ISSN : 1301-5680
e-ISSN : 2149-8156
Turkish Journal of Thoracic and Cardiovascular Surgery     
Intramyocardial Metastasis To The Left Ventricle From Renal Cell Carcinoma
Süleyman Özkan, Tankut Akay, Bahadır Gültekin, Ahmet Arslan, Atilla Sezgin, Sait Aşlamacı
Department of Cardiovascular Surgery, Başkent University Hospital, Ankara

Abstract

Cardiac metastasis from renal cell carcinoma is very rare. Coronary bypass operation was planned in a 68-year-old male patient with coronary artery disease. The patient underwent a single nephrectomy because of renal cell carcinoma 12 years before, after which he had been asymptomatic until presentation.
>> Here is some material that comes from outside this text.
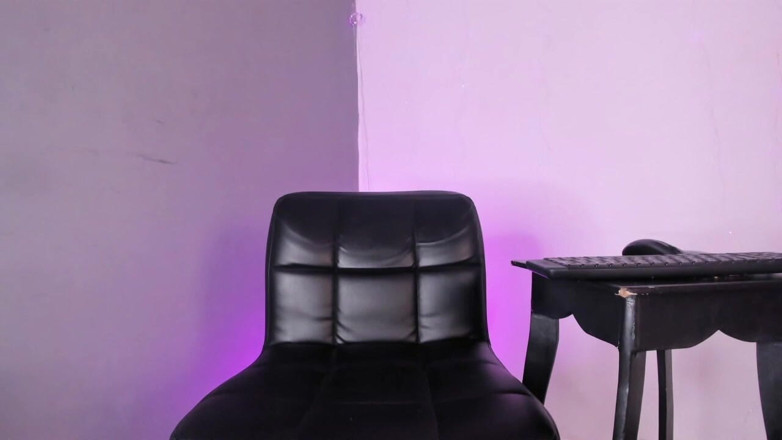 Bella Duval: Trans Ass Colombian Hard Cock Dan Kaki Dalam Nilon Dalam...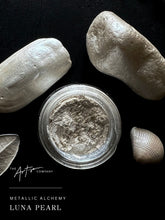 Load image into Gallery viewer, Luna Pearl - Metallic Concentrate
Coronary angiography showed a large arteriovenous malformation and calcification in the posterobasal segment of the left ventricle. During coronary bypass operation, an intramyocardial firm mass, 6x8 cm in size, was detected that spread through the posterior segment of the left ventricle. Resection of the mass was not performed and a biopsy specimen was taken, which then showed metastasis from renal cell carcinoma. No further treatment for cancer was considered. The patient was asymptomatic at the end of the first postoperative year and laboratory findings were normal for renal and cardiac functions.

Renal cell carcinoma (hypernephroma) is a disease that is diagnosed either primarily or by means of metastasis, but still cardiac metastasis is extremely rare (<1%). Metastases to the lungs, bones, brain, and skin are diagnosed more often.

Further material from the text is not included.